No More Stars (Star Wars) #4, 2010 archival pigment print on barytha paper cm 30 x 30 ed. 2 of 5
No More Stars (Star Wars) #4, 2010 archival pigment print on barytha paper cm 30 x 30 ed. 2 of 5

Come hai trovato quei posti?
In una delle ricerche (che faccio spesso) su Google Earth mi sono imbattuta in una foto di un turista con una strana scritta: “Non c’è più il Paziente inglese” e mi sono chiesta cosa volesse dire. Quando ho capito ho notato che in realtà il turista si sbagliava: non erano le rovine del set del Paziente inglese, ma di Guerre Stellari. Allora ho pensato “sarebbe fantastico se ci fossero davvero le rovine”, e sono andata. In realtà c’è anche un paesino turistico famoso per le rovine di Guerre Stellari, però queste erano nel deserto. Ne ho trovate tre.

Che anno era? Erano già turistiche?
Quelle nel centro del paesino si, perché è piccolo e famoso per delle bellissime cave. E c’era il bar di Guerre Stellari. Sono andata per la prima volta nel 2010 e quando sono andata via è scoppiata la Primavera araba, proprio nel quartiere dove dormivo a Tunisi. Poi, grazie ad amici attori, ho scoperto che in Marocco era pieno di rovine da scovare. Luoghi con paesaggi incredibili, senza nulla.
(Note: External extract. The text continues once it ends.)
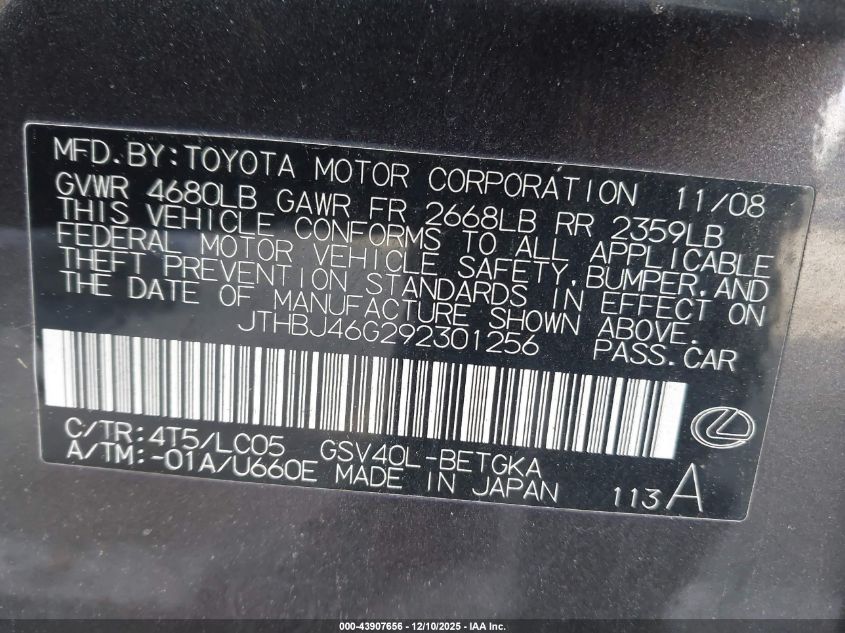 2009 Lexus Es 350 VIN: JTHBJ46G292301256 Lot: 43907656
E a Milano tra i progetti recenti?
Sono stata al PAC, alla mostra di Davide Giannella, Glitch, nel 2014.

Tornando alla produzione di La controfigura, come sei riuscita a mettere insieme i soldi?
Avevo provato il percorso “cinema” più di un anno fa, ma era difficilissimo.
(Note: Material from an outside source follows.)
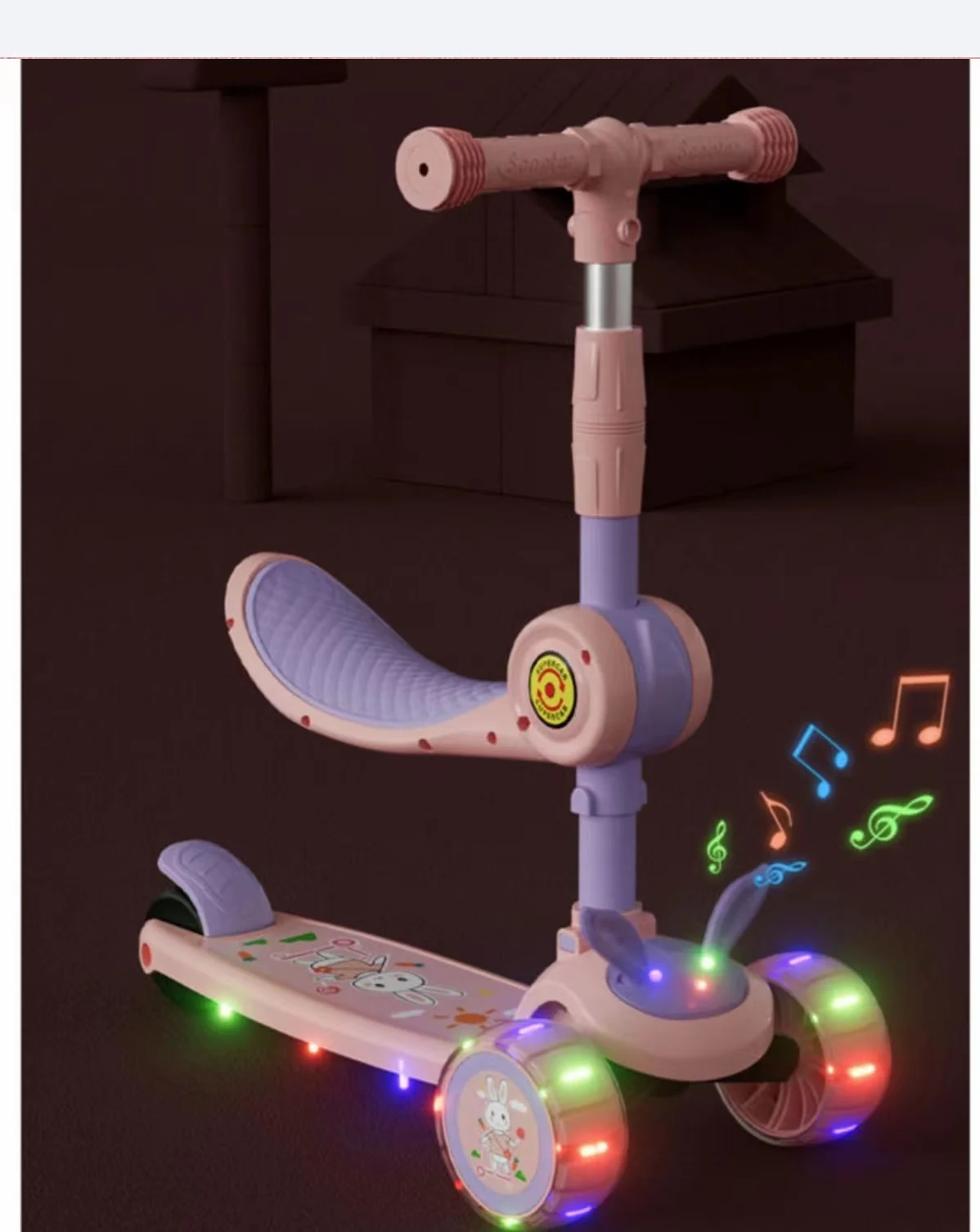 Adjustable Height Skateboard Child Scooter Foldable  Mini Kids Kick Scooter With LED Light Kids Foot Scooter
The Swimmer #2, 2017 archival pigment print on barytha paper image cm 16 x 29,5, cm 21,5 x 34,5 framed
The Swimmer #2, 2017 archival pigment print on barytha paper image cm 16 x 29,5, cm 21,5 x 34,5 framed

Sbaglio, o avevi lavorato con Think Cattleya per MAS? Però loro sono più pubblicità e tv che cinema.
Think Cattleya mi aveva dato dei soldi per The Show MAS Go On. Erano in un periodo di apertura nei confronti di produzioni più artistiche. In cambio abbiamo fatto una piccola mostra. Ma alla fine il circuito del cinema è impossibile, ci sono pochi soldi del Ministero e hanno un modo di lavorare che per me non va bene: devi fare la sceneggiatura; con quella vai a “vendere” il progetto in giro. Invece la sceneggiatura non la faccio quasi mai, magari arriva dopo. E poi era troppo sperimentale come soggetto, quindi ho deciso di fare da sola, di mettere insieme la cifra tramite fondazioni e collezionisti, e poi, una volta finito il prodotto, ora proviamo a chiedere a Rai cinema perché a quel punto non rischiano più. Ho collaborato dall’inizio con Marco Alessi, Dugong Produzioni, con cui ho anche seguito la scrittura e la produzione esecutiva; sono entrati in coproduzione la Snaporazverein, fondazione svizzera, e la In Between Art and Film; ho anche ottenuto il sostegno da AMACI, l’associazione Musei Italiani, tramite il premio Museo chiama Artista quest’anno curato da Alberto Salvadori e Iolanda Ratti.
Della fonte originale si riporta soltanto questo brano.